■ **RECORDS TO PROCESS**:
######
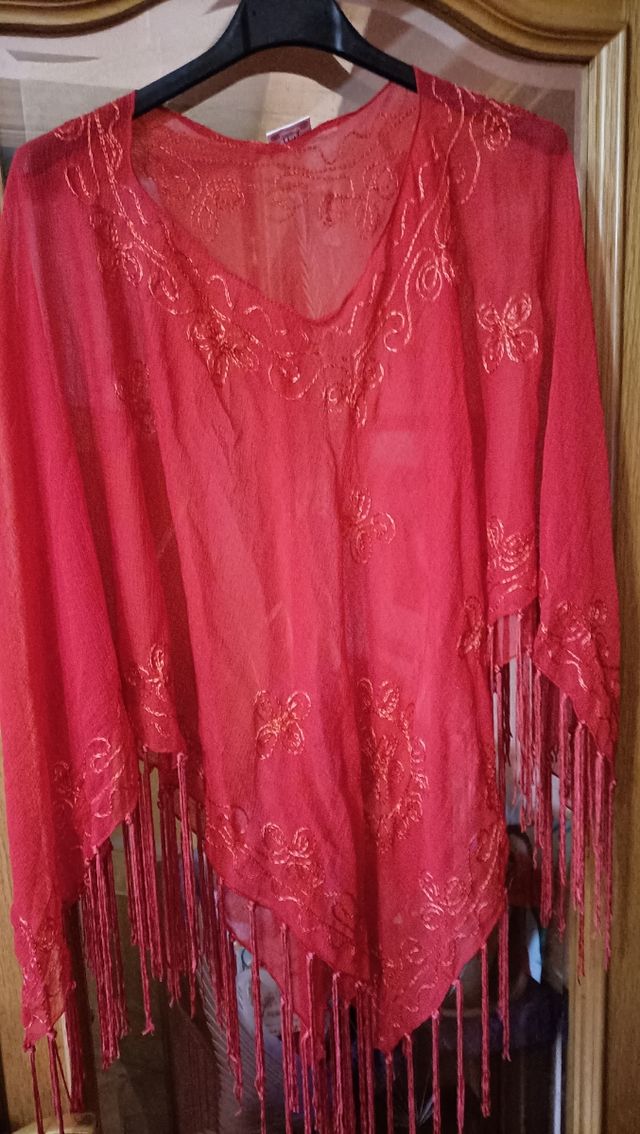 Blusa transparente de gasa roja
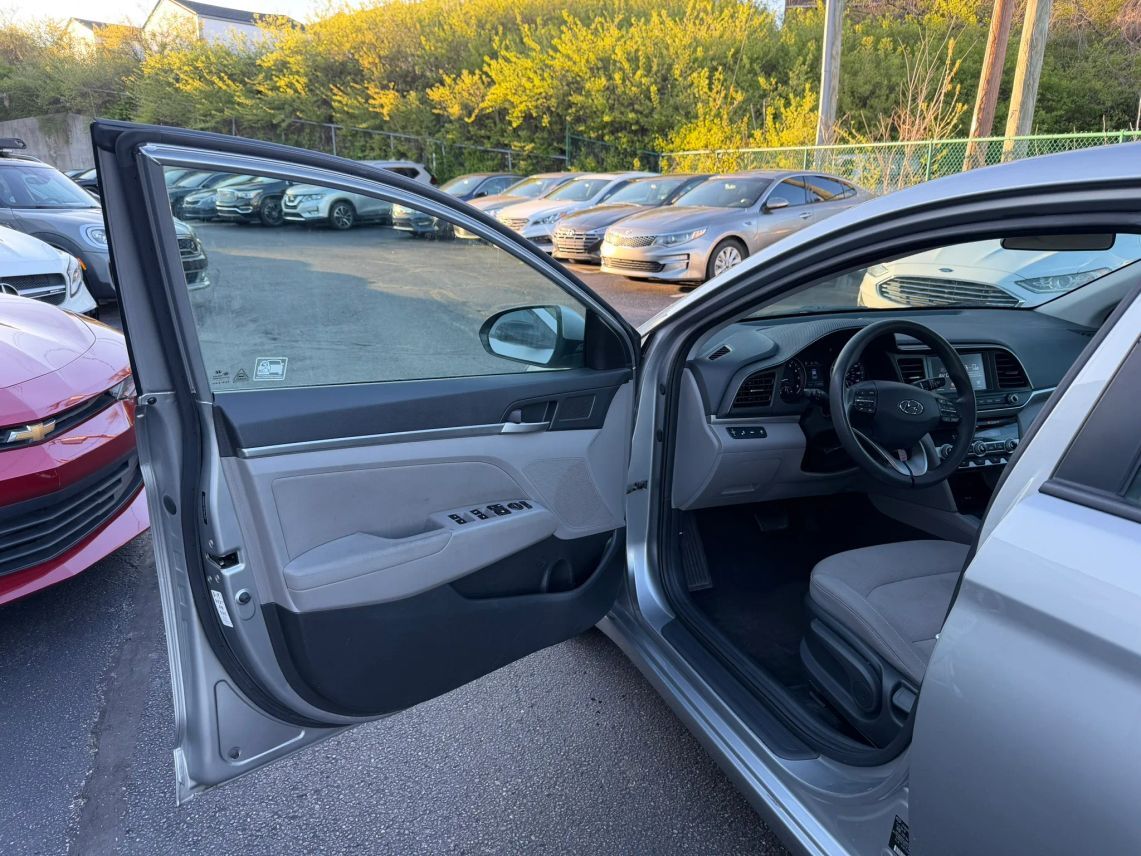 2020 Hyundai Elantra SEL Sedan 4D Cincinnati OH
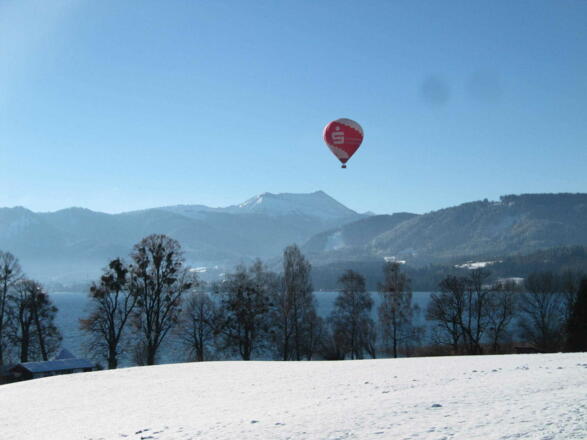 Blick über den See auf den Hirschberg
######
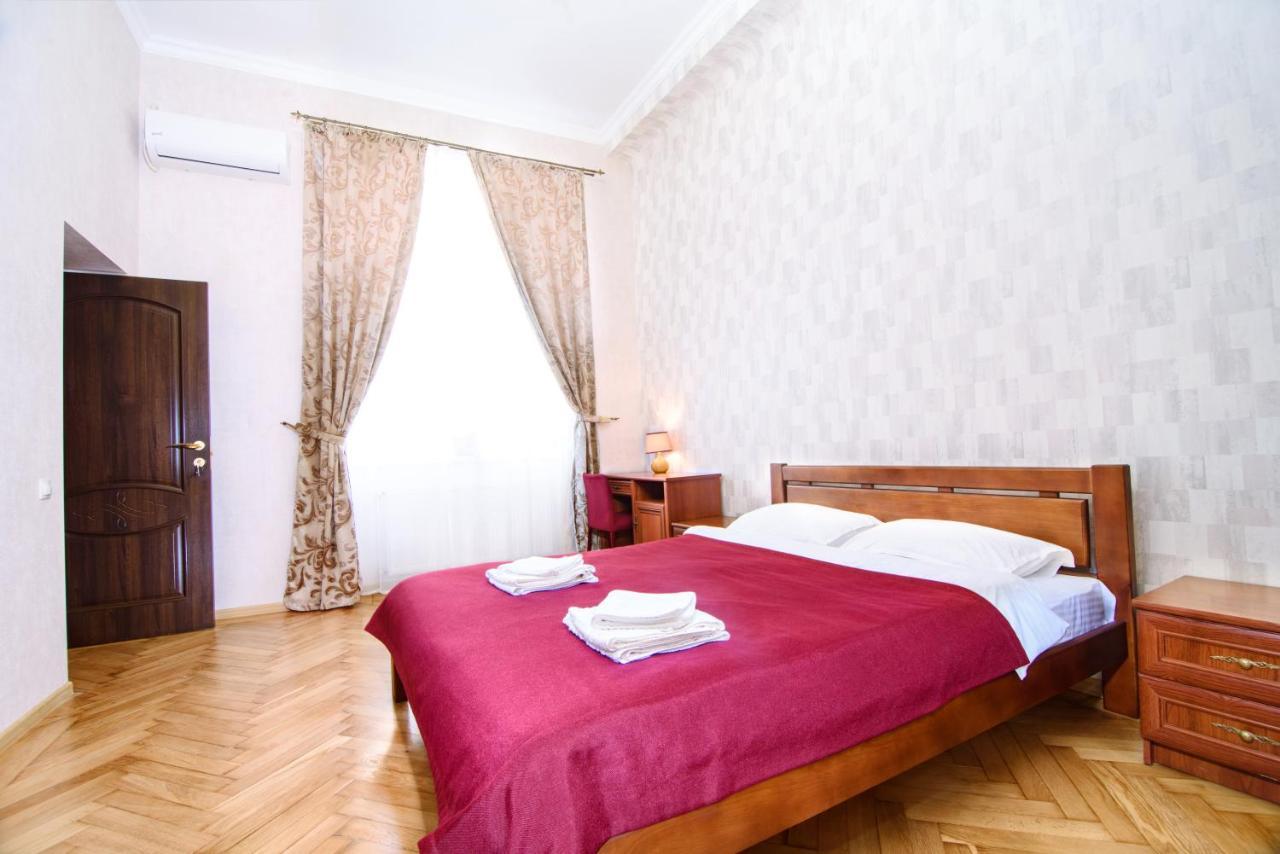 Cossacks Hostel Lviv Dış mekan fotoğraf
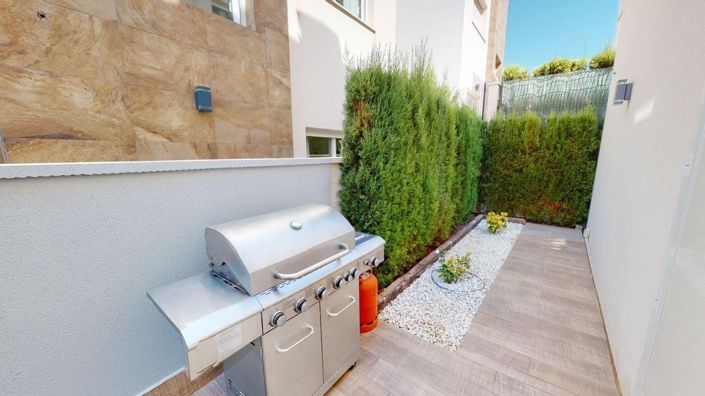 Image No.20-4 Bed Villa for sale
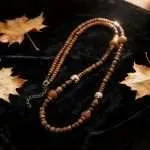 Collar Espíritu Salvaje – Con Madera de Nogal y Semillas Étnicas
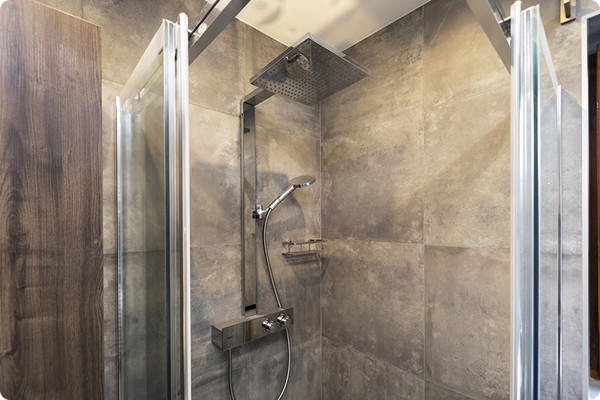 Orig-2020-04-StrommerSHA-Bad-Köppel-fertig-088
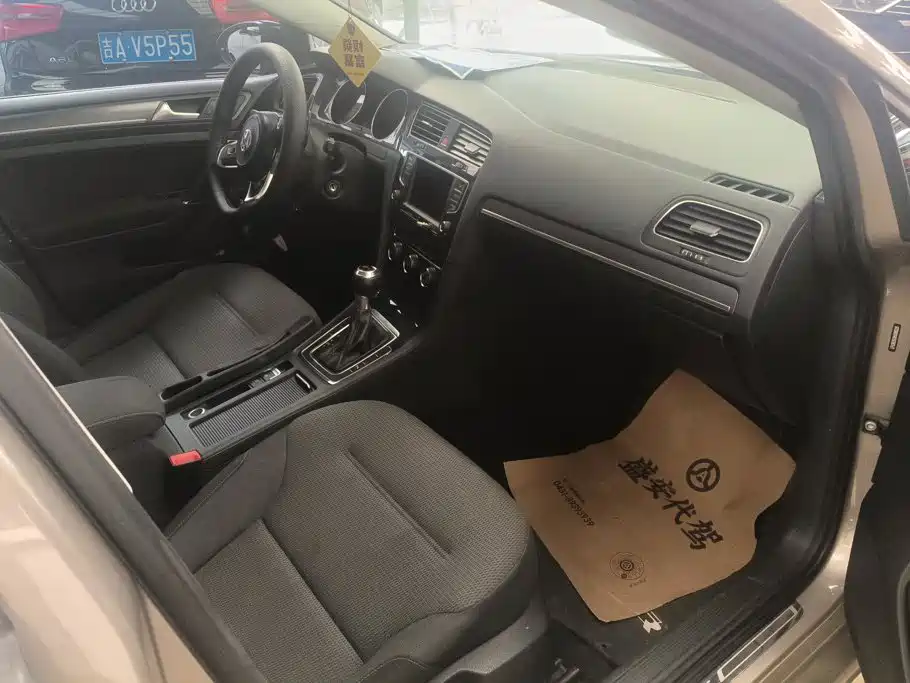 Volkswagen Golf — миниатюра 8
######
■ **YOUR GOAL**: Only the lines above from the one with "2020 Hyundai Elantra" to the one with "Blick über den See auf den Hirschberg" should be printed, both included and exactly as written; no picture belongs in the copy.

■ **RESPONSE BELOW**:
 2020 Hyundai Elantra SEL Sedan 4D Cincinnati OH
 Blick über den See auf den Hirschberg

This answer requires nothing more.